Also if anything, I'd say the reverse is true:

In college a friend of mine and I were listening to a very bizarre piece featuring violin and some unidentified acoustic instrument and strange vocals. The rhythms were so lopsided and bewildering as to make the goosebumps crawl all over our bodies - simply wonderful! A music student walked by and asked excitedly - "Is that _xxxxx_- -?" and he named a composer I can't remember. "No," we replied. "That's the group Gentle Giant, a song called _So Sincere_." About this time the drums came in and he waived his hand in dismissal and moved on. But even he can't deny that he _was_ captivated. Talk about pretentious.


----------



## violadude (May 2, 2011)

KRoad said:


> Pop, Rock, Jazz, Blues, Folk, Ethnic, World and dare I say it, Classical, ALL play a valid role in music's rich and diverse heritage.
> 
> But then we at TC all know that...


Except for Justin Bieber, he's just crap


----------



## violadude (May 2, 2011)

ethanjamesescano said:


> Those self-righteous pop fans are very funny. One of my classmates, told me those rappers and hip hop singers take weeds, "that's why they make good lyrics". But what's good about their lyrics? All the words they can think of are fu*k, pu**y, wh*re, a*s, s*x etc. The lyrics aren't creative at all, they're laughing at those nursery rhymes but actually nursery rhymes are more artistic, way more artistic.

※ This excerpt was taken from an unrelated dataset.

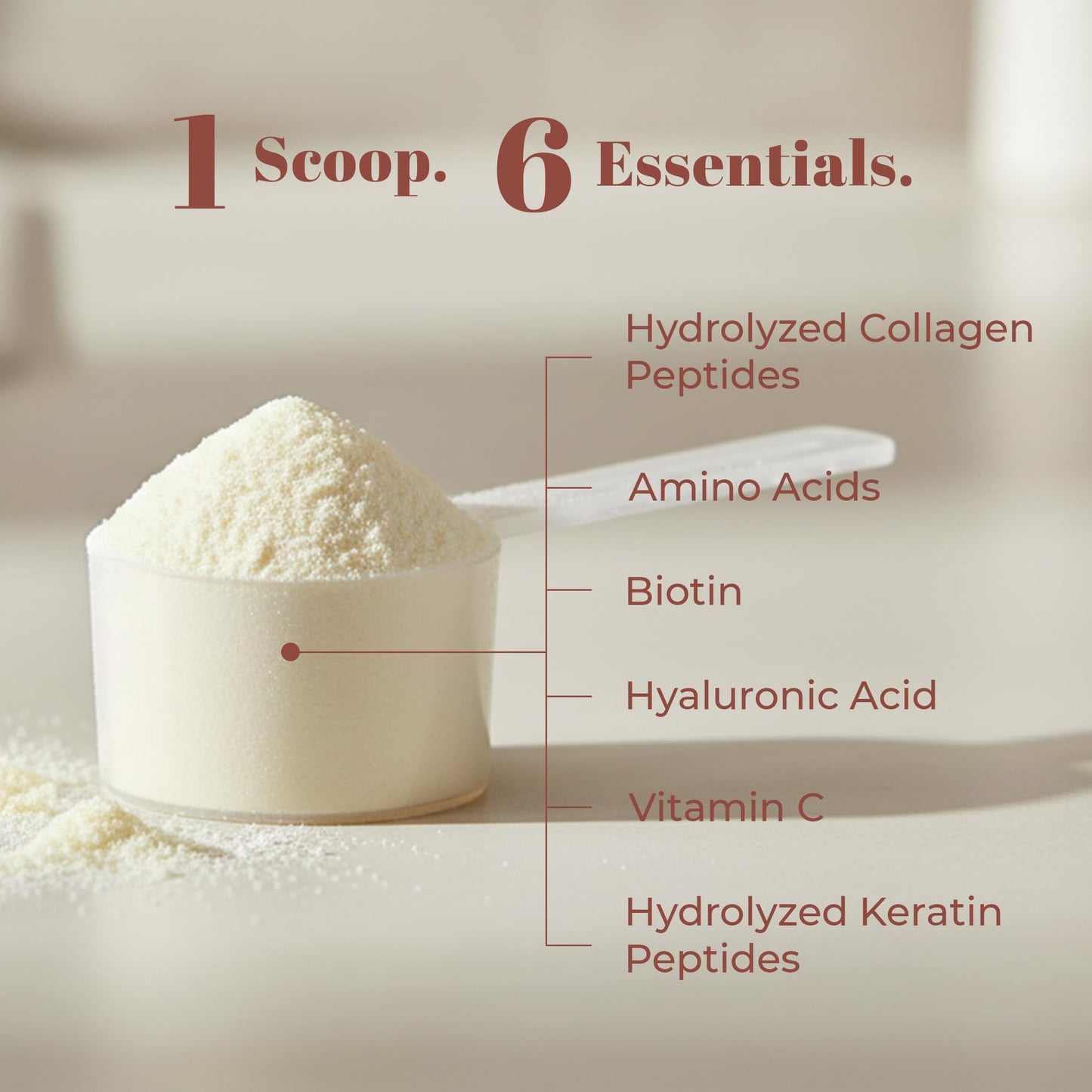Collagen Project 6-in-1 Premium Multi-Collagen Beauty Formula Powder 21.4 oz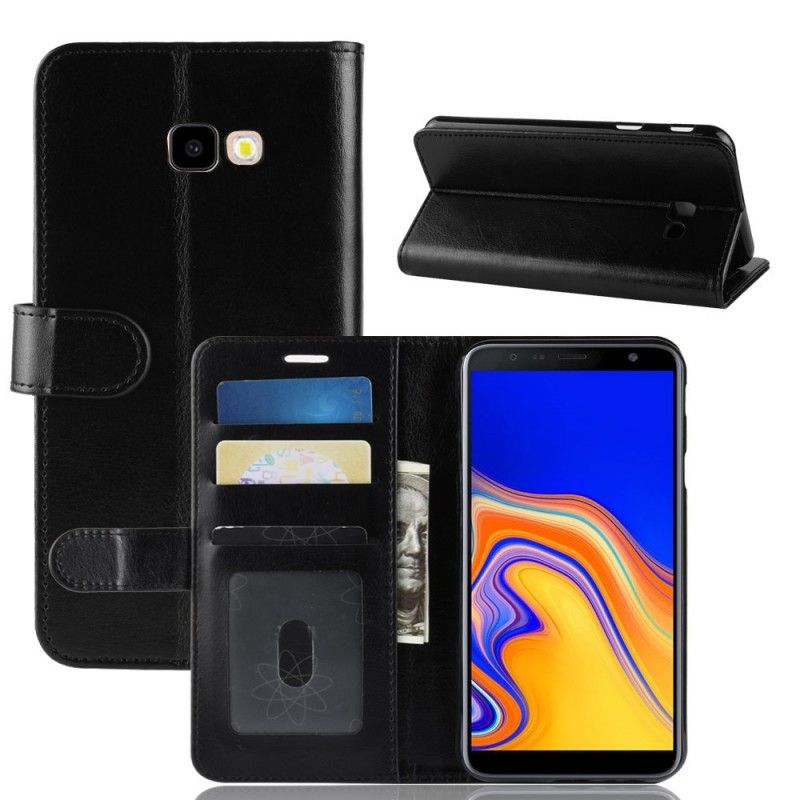 Folio Deksel for Samsung Galaxy J4 Plus Svart Ultra Kunstlær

I've heard rappers and hip-hoppers that actually are very creative with their lyrics. You probably won't find them in the mainstream though, high profit motives seem to ruin creativity for some reason.


----------



## Ukko (Jun 4, 2010)

It seems likely that a classical guitarist can play Rock, though probably not effectively with the same guitar. I'm guessing that many classical guitarists can't play jazz (or blues) effectively, because they don't know how to 'get their heads in it'.

 ... super


----------



## oogabooha (Nov 22, 2011)

I think the worst thing I've heard an indie rocker say to me is "I love classical! The Gymnopedies are my favorite..."

in all honesty, though, even separating it as Classical and Pop sounds pretentious as hell. It is very condescending, so no wonder they are pissed! In the underground rock scene, more appreciation is being had for classical musicians and their endeavors (and there always has been, whether it be John Cale of the Velvet Underground or--more recently--Caroline of the band teen suicide).

the reason why most people don't like classical music is because it's not relatable to them...I think that's actually due to the terribly high-pedestal reputation that classical music has garnered. Not like it's for no reason, but I haven't met anyone who doesn't like classical music who has said that they feel they can relate. The music community has changed _so drastically_ in the past few decades that it seems unreal that Tchaikovsky was just as depressed (even more) as the singer for Iwrotehaikusaboutcannibalisminyouryearbook.

By separating it and making it so academic, we're only giving those who want to pursue it at an academic level access to its emotion. It's not a bad thing to pursue music at an academic level (I am), but our musical heritage as an international community lies in non-academic music.

of course, I have many friends who operate in both types of music, and I myself prefer the practice of classical music. Classical music starts to become more real and entertaining to my friends when I explain them _why_ this piece is sad, relatable, and beautiful--not by dragging them to a concert hall and shoving more Haydn down their throat.

_there is a fault on both sides, with classical musicians not realizing the purpose of music that non-classical music, and non-classical musicians not realizing the relevance (and history) of classical music. If we didn't make classical music such an expensive, unattainable object, it would have many more fans. It's the cultural pretentiousness that we set aside for it that is causing the problem._


----------



## oogabooha (Nov 22, 2011)

ethanjamesescano said:


> Those self-righteous pop fans are very funny. One of my classmates, told me those rappers and hip hop singers take weeds, "that's why they make good lyrics". But what's good about their lyrics? All the words they can think of are fu*k, pu**y, wh*re, a*s, s*x etc. The lyrics aren't creative at all, they're laughing at those nursery rhymes but actually nursery rhymes are more artistic, way more artistic.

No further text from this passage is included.